=== Begin Enclosure ===
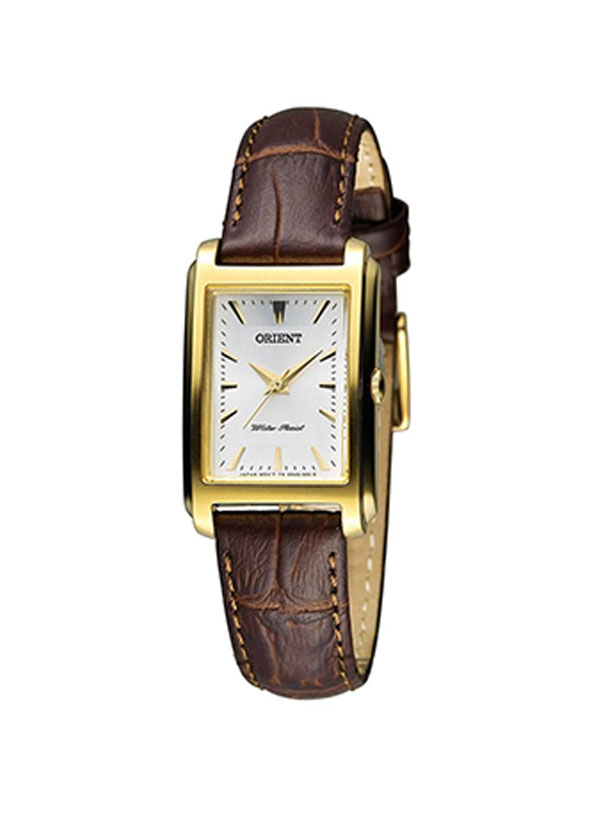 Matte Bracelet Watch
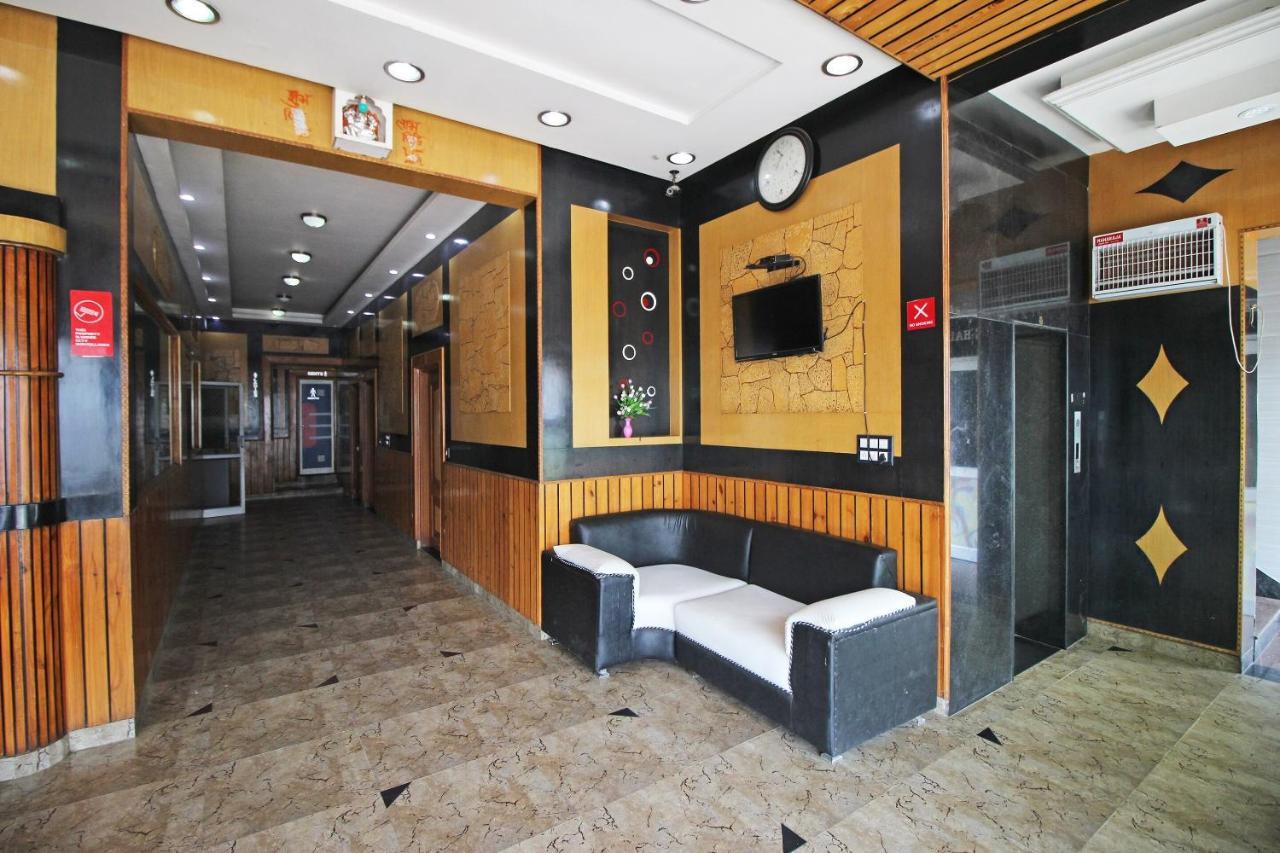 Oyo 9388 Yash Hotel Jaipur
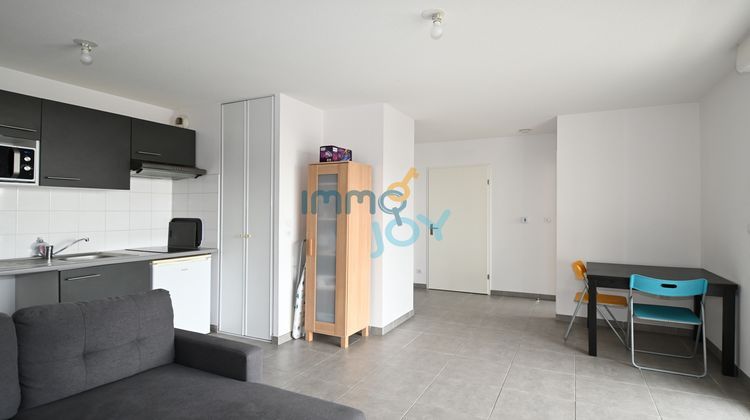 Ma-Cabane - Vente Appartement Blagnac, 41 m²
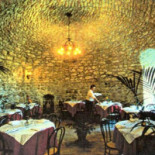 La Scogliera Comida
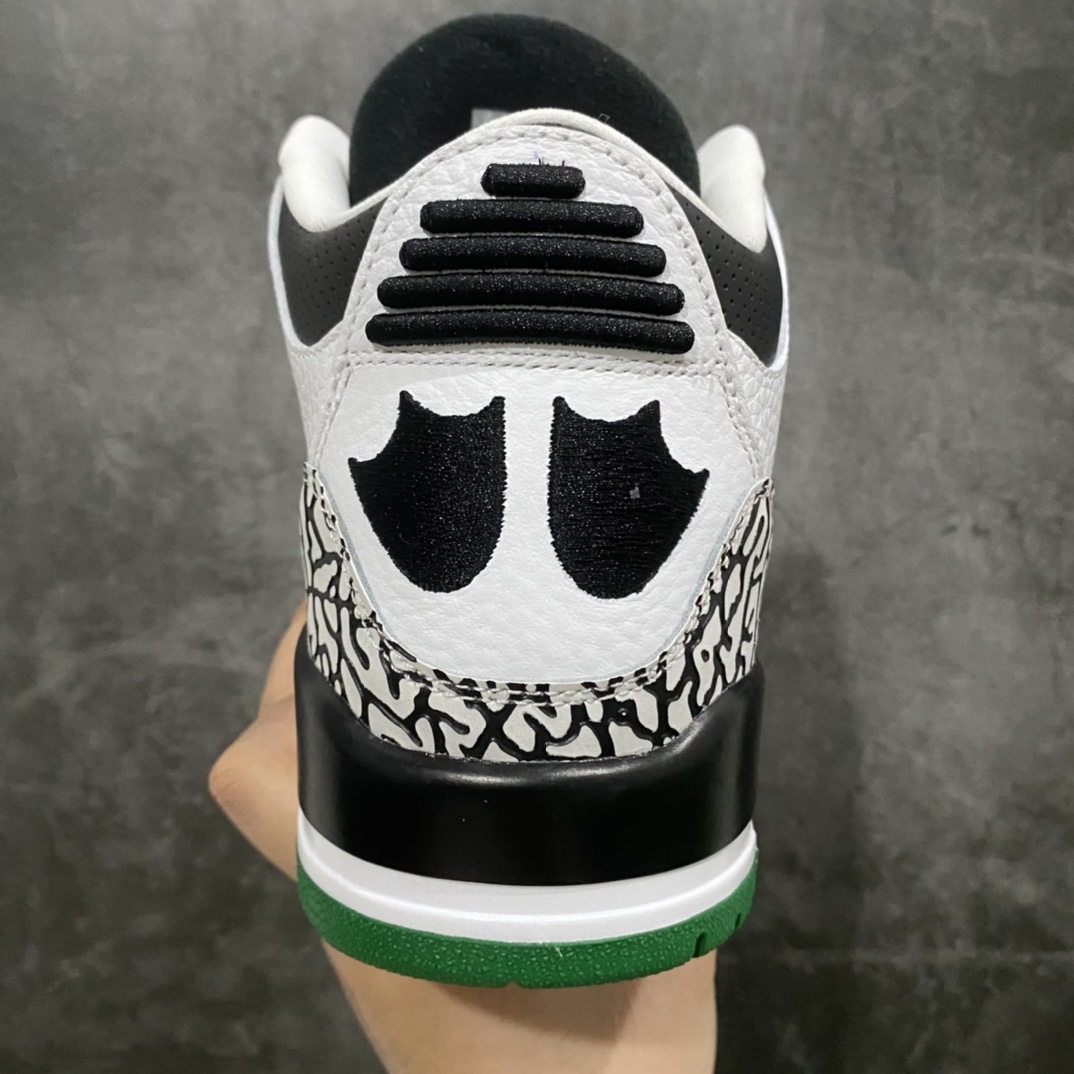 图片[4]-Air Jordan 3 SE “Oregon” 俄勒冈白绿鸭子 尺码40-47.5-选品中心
=== End Enclosure ===
Exercise:
Omit the pictures and restate the rest of the records verbatim.

Response:
 Matte Bracelet Watch
 Oyo 9388 Yash Hotel Jaipur
 Ma-Cabane - Vente Appartement Blagnac, 41 m²
 La Scogliera Comida
 图片[4]-Air Jordan 3 SE “Oregon” 俄勒冈白绿鸭子 尺码40-47.5-选品中心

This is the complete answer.